The sequence of events will likely be the same, but due to a change in the delegate selection rules now in place for Republican nomination process (via the Republican National Committee), the Republican delegates from Iowa will not be able to "vote for a presidential candidate of their choosing," as Wilson indicates. The change -- the addition for 2016, really -- in question is to Rule 16.a.1-2:
(a) Binding and Allocation.(1) Any statewide presidential preference vote that permits a choice among candidates for the Republican nomination for President of the United States in a primary, caucuses, or a state convention must be used to allocate and bind the state’s delegation to the national convention in either a proportional or winner-take-all manner, except for delegates and alternate delegates who appear on a ballot in a statewide election and are elected directly by primary voters.

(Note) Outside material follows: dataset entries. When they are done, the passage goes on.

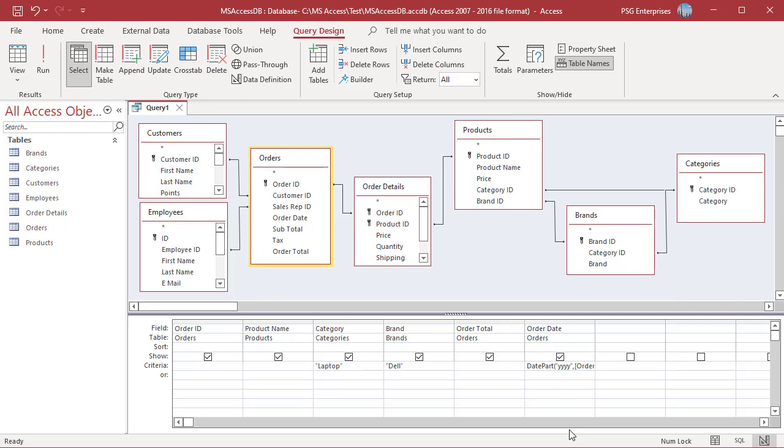When running a MakeTable query, you can create new columns on the fly by creating an alias for the column and defining its contents after the column. In the field row, right click an empty column and then click on Zoom in the shortcut menu.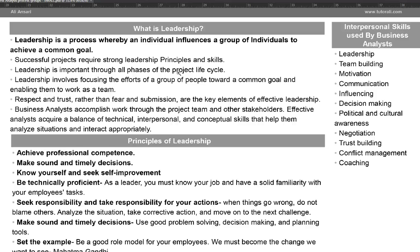Respect and trust rather than fear and submission are the key elements of effective leadership. Business analysts accomplish work through the project team and other stakeholders. Effective analysts require a balance of ethical, interpersonal, and conceptual skills that help them analyze situations and interact appropriately. To be a leader you should be able to influence the team and have strong leadership skills and principles.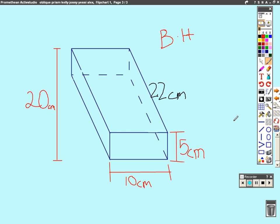Alright, to find the volume of this oblique prism, we need to take base and times that by height. To get the base, we need to times 10 times 5, and that equals 50.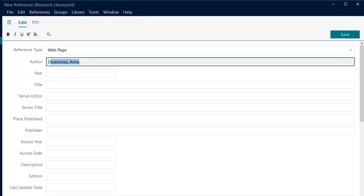Enter the organization name in the author field followed by a comma. Including the comma after the name lets EndNote know that it is not a personal author and to display the full organization name in the reference.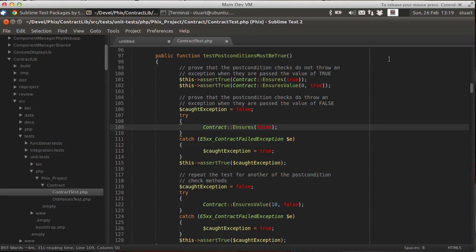Hello, my name is Stuart Herbert and this is one of a series of short videos I'm recording showing how I use Sublime Text 2 for PHP development.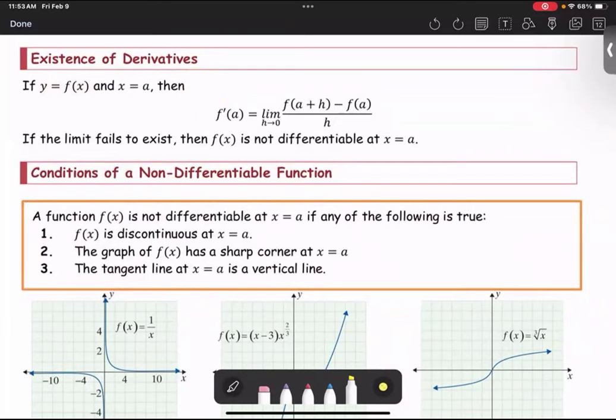Existence of derivatives: if y equals f of x and x equals a, then f'(a), or the derivative of the function f at x equals a, is the limit as h approaches zero of the difference quotient — f of a plus h minus f of a, all divided by h.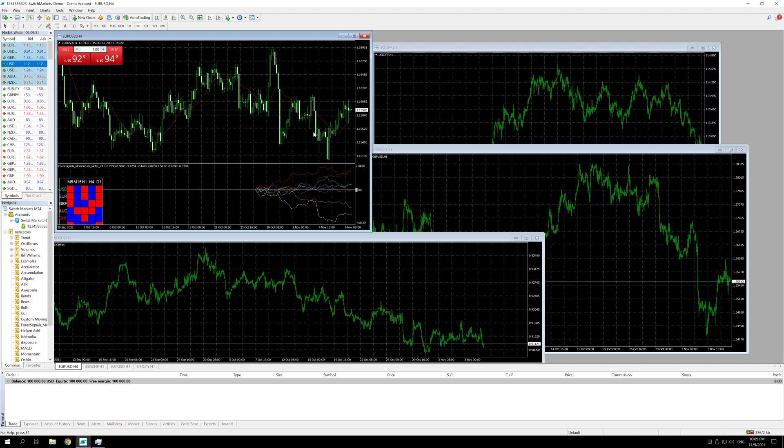Why? Because at high volatility times of the market the CPU resources will spike and it will affect your trading negatively. You want the fastest execution times possible so you don't want to overload the VPS.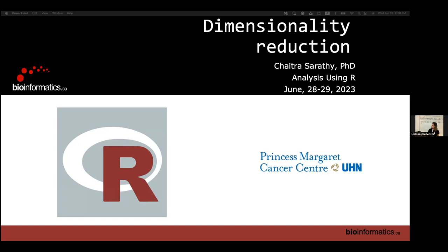I'm going to turn it over to the wonderful Dalaram, who is taking over for Chaitra because she's feeling unwell. So welcome. Thank you. Hello everyone. I'm Dalaram. I'm a fourth year PhD student of computational biology at Gary Bader's lab.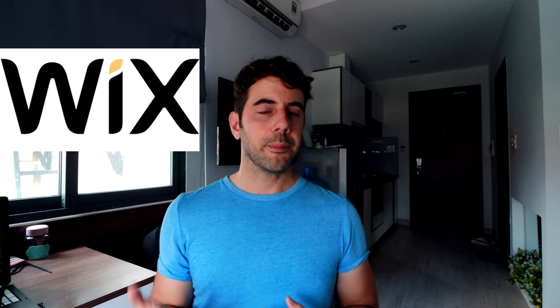What's up everybody, welcome back to the channel. My name is David. So Wix is one of the most popular website builders in the world and you can get started completely for free.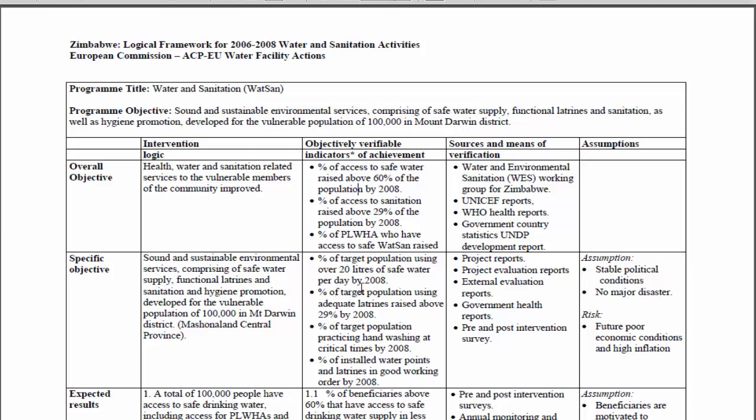Another indicator mentions 'percentage of target population using adequate latrines raised above 29% by 2008.' Again, you collect this from the target beneficiaries — go to households and ask whether they use adequate latrines. Adequate latrines can mean different things to different people, but in your project document it should be clearly defined. Then when you interview people, they'll tell you yes or no, and at the end of the day you aggregate that information and come up with conclusions.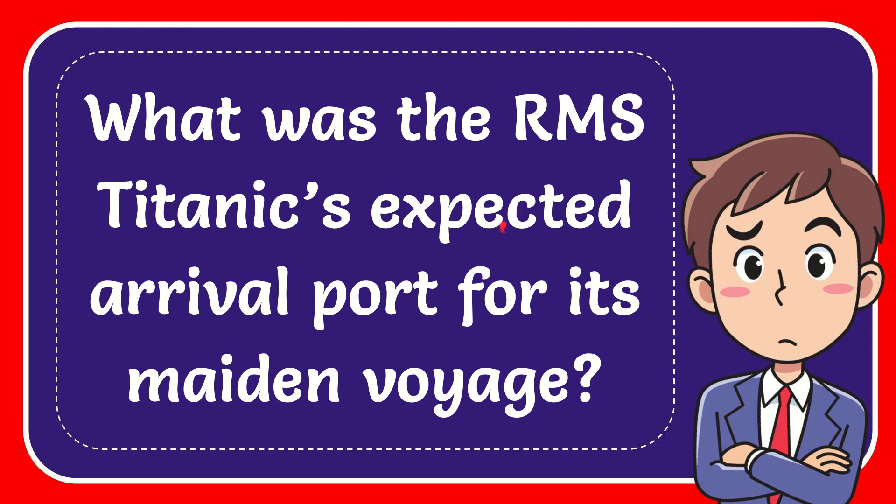In this video, I'm going to give you the answer to this question. The question is, what was the RMS Titanic's expected arrival port for its maiden voyage?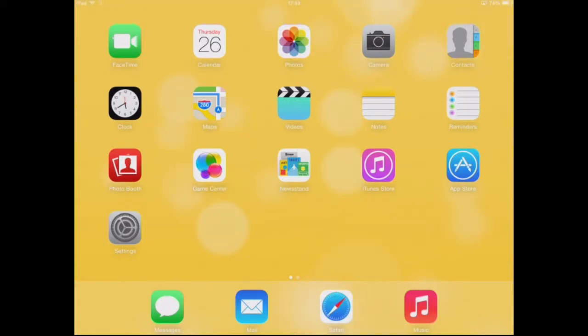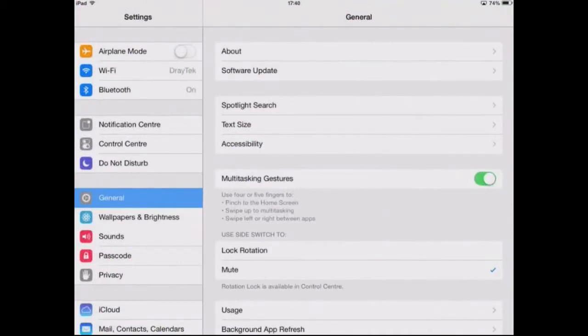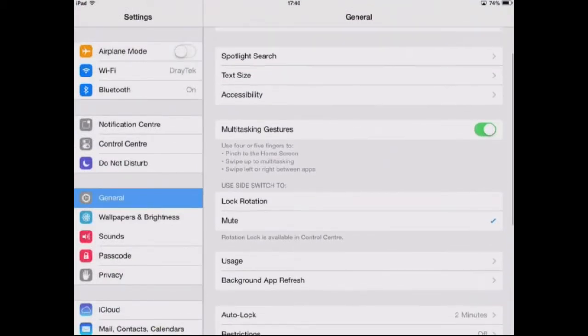For starters, you're going to want to go to your Settings, then go to the General tab, then you can see Multitasking Gestures.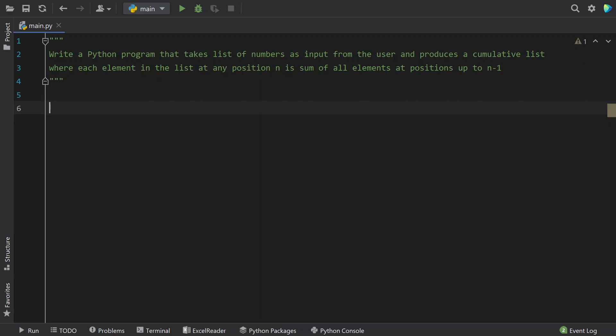Hello guys, welcome to my YouTube channel. In this video you will learn about how to write a Python program that takes a list of numbers as input from the user and produces a cumulative list, where each element at any position n is the sum of all the elements at positions up to n-1.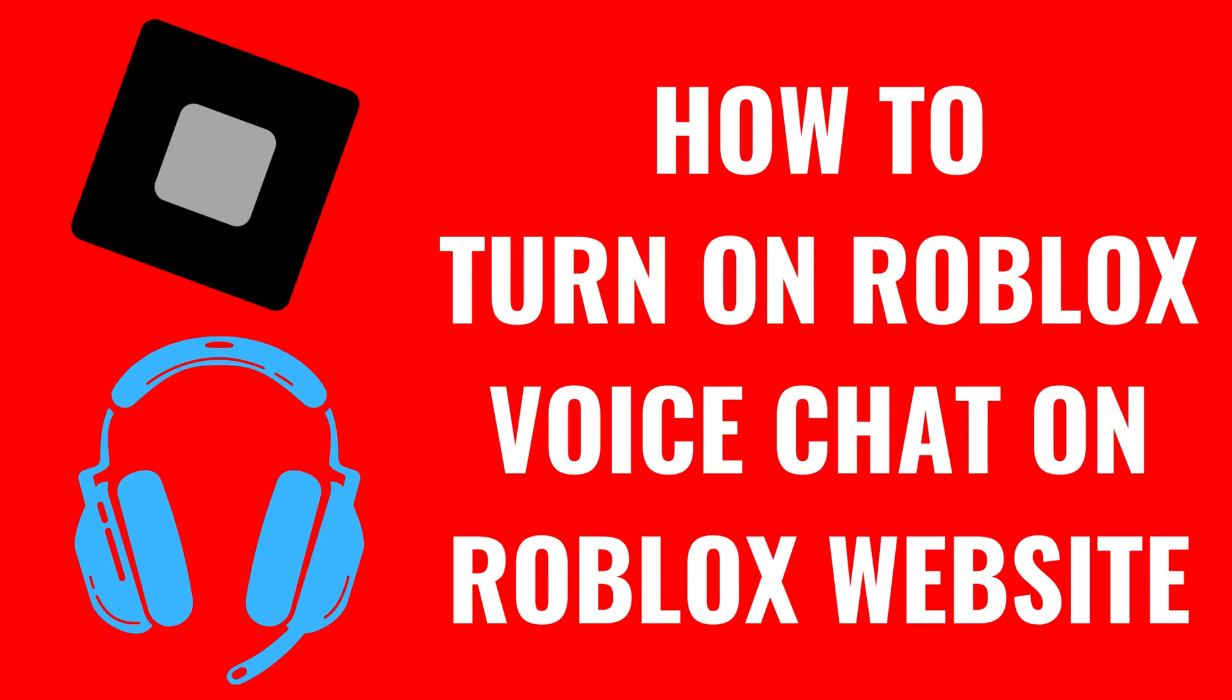I'm Max Dalton, and in this video I'll show you how to turn on the Roblox voice chat feature on the Roblox.com website.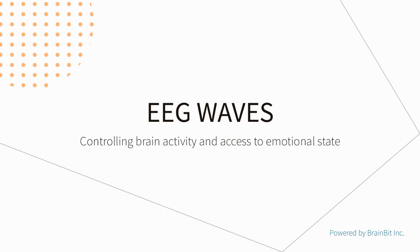Nowadays, technologies that make it possible to monitor the work of the brain are becoming more and more popular and fascinating. The BrainBit headband with EEG WAVES software is an ideal solution not only for controlling brain activity, but also for objectively assessing a person's emotional state.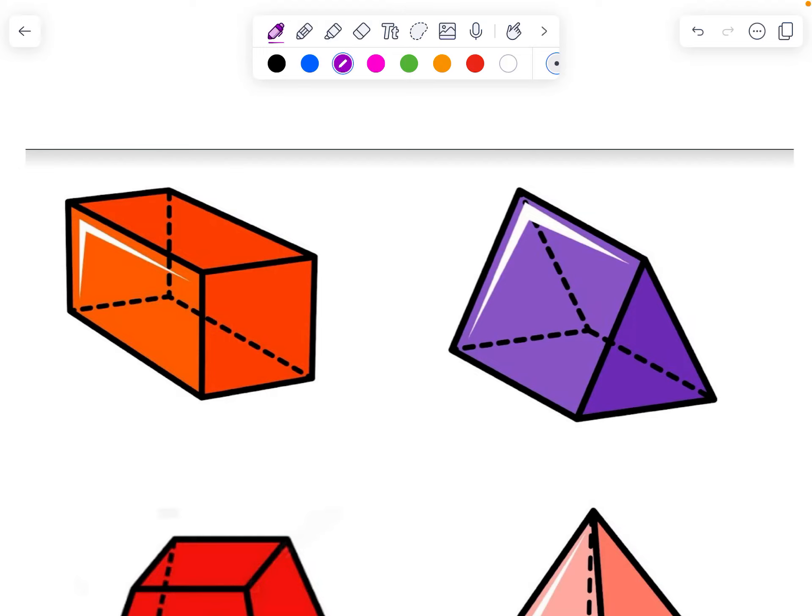We're going to talk about naming geometric solids. A figure is just a shape that takes up space and has three dimensions. We've only learned about prisms and pyramids, and that's all you'll be asked to name on the next test.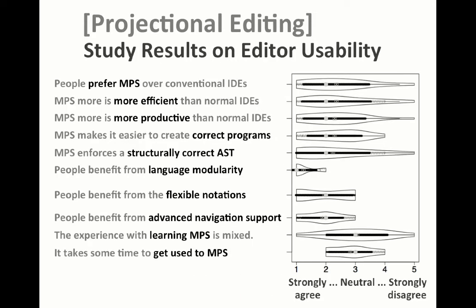On the downside, historically, projectional editors have had usability challenges and weren't used much in practice. MPS has addressed most of these usability challenges successfully. And as a study that we ran shows, most users are agreeable with various statements about projectional editing being useful in practice.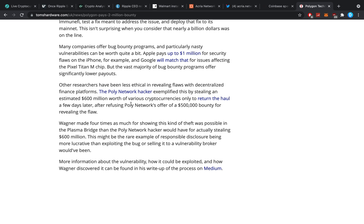Poly Network Hacker exemplified this by stealing an estimated $600 million worth of various crypto, only to return the haul a few days later after reviewing Poly's offer for a $500,000 bounty for revealing the flaw. And I told them as well, give a person like at least a 1% bounty for the money they could have stolen or actually stole. That's to actually make sure they give you the money back. And so you can just learn from your mistake. But I just personally think pay them well and just have a good open policy for it.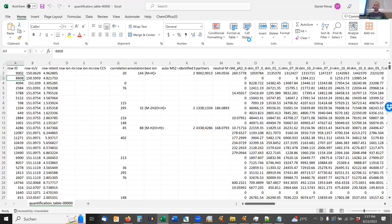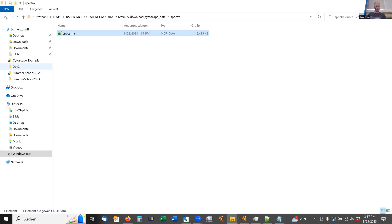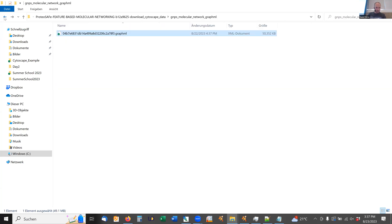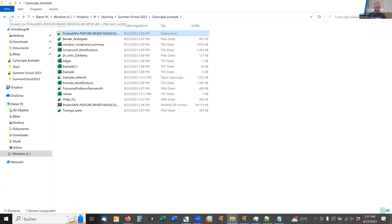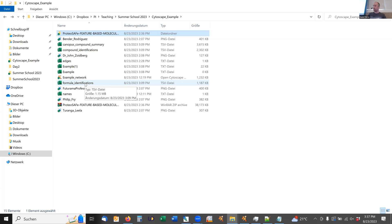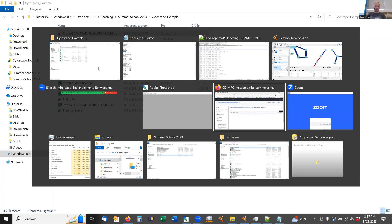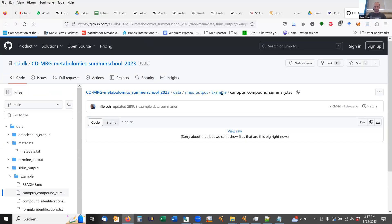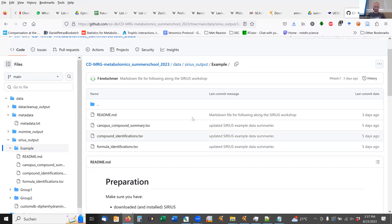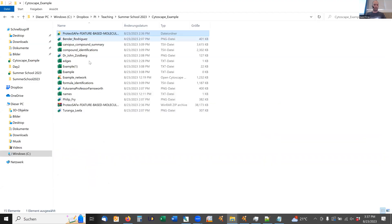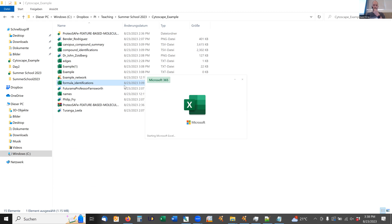Now if we look at the SIRIUS outputs, under compound identification, canopus compound summary, and also formula identification — those are the summary files you can download from SIRIUS or from the GitHub page. If you run it yourself, you should be able to generate those summaries. You can open them in Excel and look at that information. I don't remember the exact column header name, so I need to look at it to select the right one.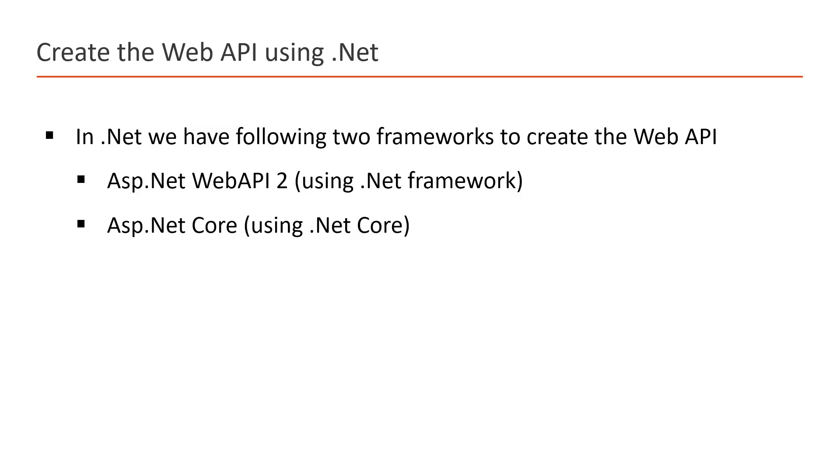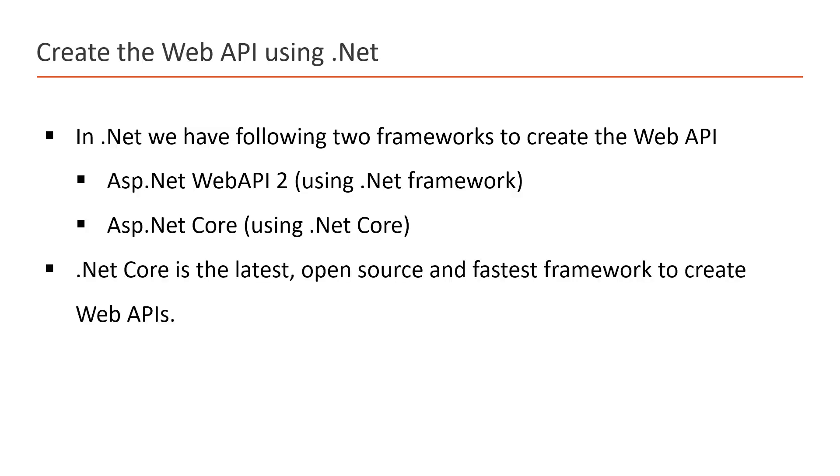We can use this ASP.NET Core and it supports .NET Core framework. .NET Core is the latest, open source, and fastest framework to create and work with the Web API. So in this tutorial, we will be using this ASP.NET Core framework to work with the Web API project.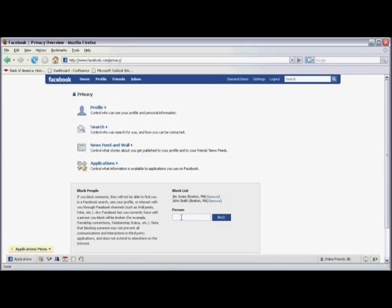And in the right-hand lower side of the screen, click in the box called Person, and type in the name of the person you want to block. For this demonstration, I'll type in Jim Jones. And then I would click on Block.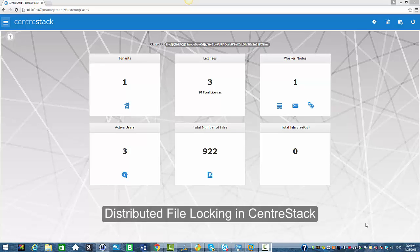Hello everyone, welcome to CenterStack. In today's session I'm going to be going over the distributed file locking feature within the CenterStack platform.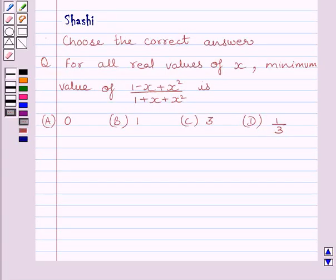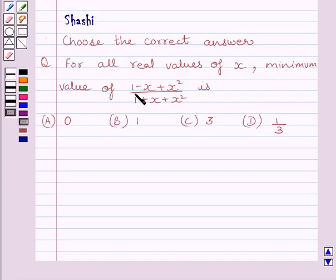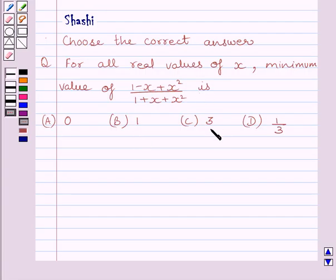Hi and welcome to the session. Let us discuss the following question. Choose the correct answer: for all real values of x, the minimum value of (1 - x + x²) / (1 + x + x²) is 0, 1, 3, or 1/3? We have to choose the correct answer from a, b, c, and d.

(2) The Secretary of the Convention shall faithfully announce and record each delegate’s vote in accordance with the delegate’s obligation under these rules, state law or state party rule. If any delegate bound by these rules, state party rule or state law to vote for a presidential candidate at the national convention demonstrates support under Rule 40 for any person other than the candidate to whom her or she is bound, such support shall not be recognized. Except as provided for by state law or state party rule, no presidential candidate shall have the power to remove a delegate.Most of this language was added in Tampa at the 2012 Republican National Convention, but some of it was modified at the Spring 2013 RNC meeting in Los Angeles. The bulk of the changes were added to tamp down on the shenanigans some within the RNC saw coming from the Ron Paul backers in 2012. Essentially, delegates are now bound -- something that was a point of contention in Tampa and at the LA meeting in 2013 -- based on any statewide election. Presumably, this would include precinct caucuses in Iowa and other states that formerly used and/or allowed for unbound delegates to go to the national convention. Part two of the rule takes matters a step further by preventing would-be rogue delegates from attempting to cast a convention vote for a candidate other than the one to whom they are bound. The delegate votes are announced and recorded in accordance with how the delegates were bound based on the statewide step -- precinct caucuses -- of the process.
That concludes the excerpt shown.